Die Älteren werden sich erinnern: Früher waren Politiker Respektpersonen. Leute, die die Geschicke eines ganzen Landes zu verantworten hatten, für Wohlstand und Gerechtigkeit sorgen sollten und denen man schon deshalb mit einer gewissen Achtung begegnet ist. Heute sind Politiker Leute, über die man sich lustig macht, dass sie vor der Wahl Sachen versprechen, die sie danach sowieso nicht einhalten werden, was aber allgemein bekannt ist, weshalb sich auch keiner mehr bemüht, diese Leute ernst zu nehmen.
Innerhalb weniger Dekaden hat sich das Bild vom Beruf des Politikers grundlegend gewandelt: Wer früher Autoritätsperson war, ist heute ein Scherz. Und das Fernsehen kann daran nicht ganz unschuldig sein.

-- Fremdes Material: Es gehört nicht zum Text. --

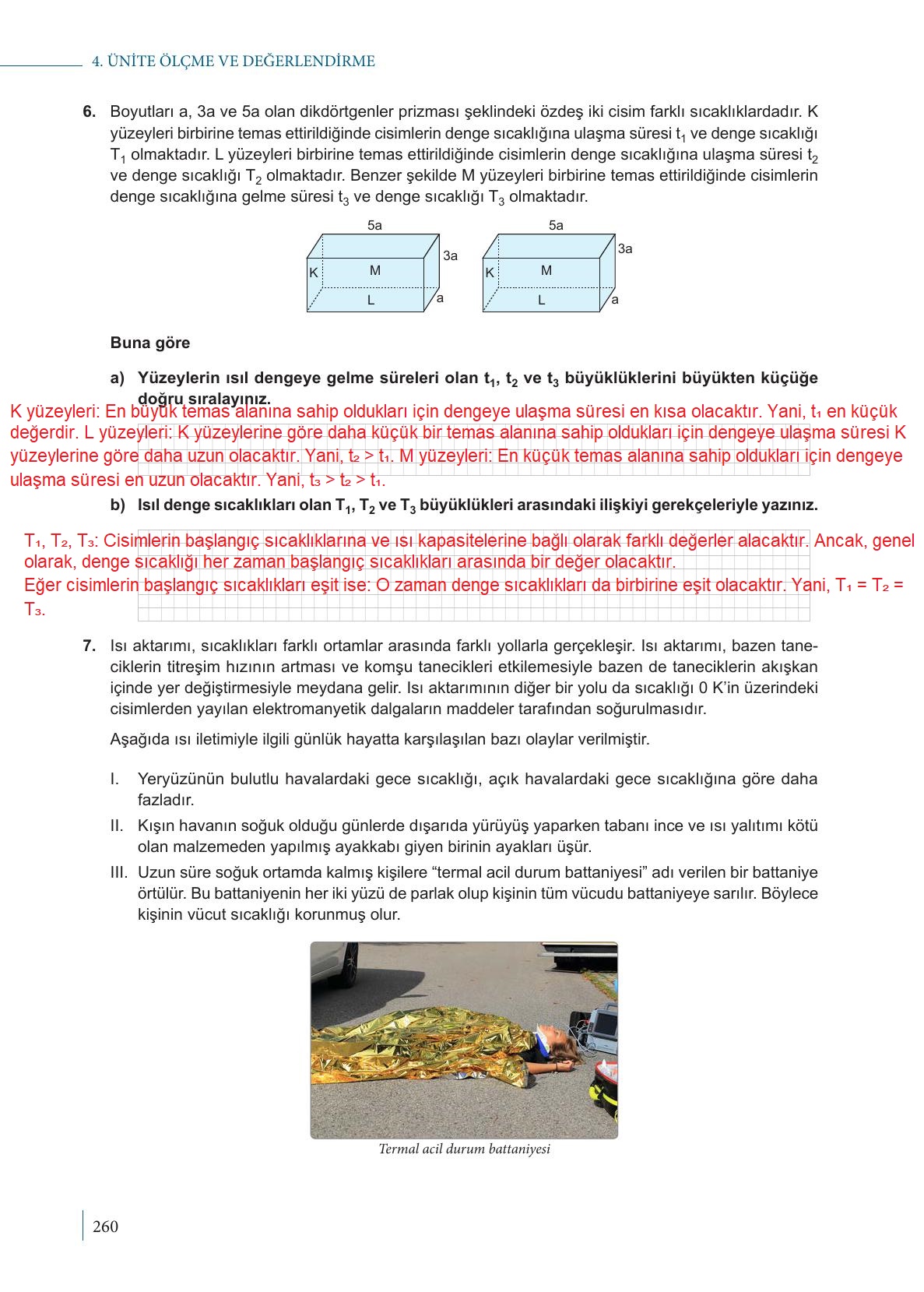 9. Sınıf Meb Yayınları Fizik Ders Kitabı Sayfa 260 Cevapları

Vielleicht würde es sich lohnen, die Autoren der neuen ARD-Reihe „Abgeordnet – Der Politiker-Praxistest“ dazu zu befragen. In der werden gestandene Persönlichkeiten aus der Bundespolitik für einen Tag mit dem echten Leben konfrontiert, indem sie kräftig mit anpacken müssen: Renate Künast auf dem Bauernhof, Karl Lauterbach im Krankenhaus, Gregor Gysi auf dem Bau. Das hört sich nach einer schönen Idee an (und lief ja neulich so ähnlich schon im ZDF), entpuppt sich aus Sicht der Politik allerdings als eine einzige Image-Katastrophe. Denn die SWR-Autoren haben aus „Abgeordnet“ eine Witzparade gemacht, in der Politiker zur allgemeinen Erheiterung als Schießbudenfiguren vorgeführt werden – und das nicht nur im Vorspann, für den die Köpfe der Teilnehmer auf Comicfiguren montiert wurden.
Als die Grünen-Politikerin Künast auf einen Bauernhof im tiefsten Bayern Kühe melken muss und nicht gleich Erfolg hat, meckert die Sprecherin aus dem Off: „So richtig flutschen will es noch nicht!“ In einer Bielefelder Klinik soll SPD-Gesundheitsexperte Lauterbach derweil helfen, einen Patienten umzubetten – „aber anpacken ist nicht so sein Ding“, heißt es dazu spöttisch.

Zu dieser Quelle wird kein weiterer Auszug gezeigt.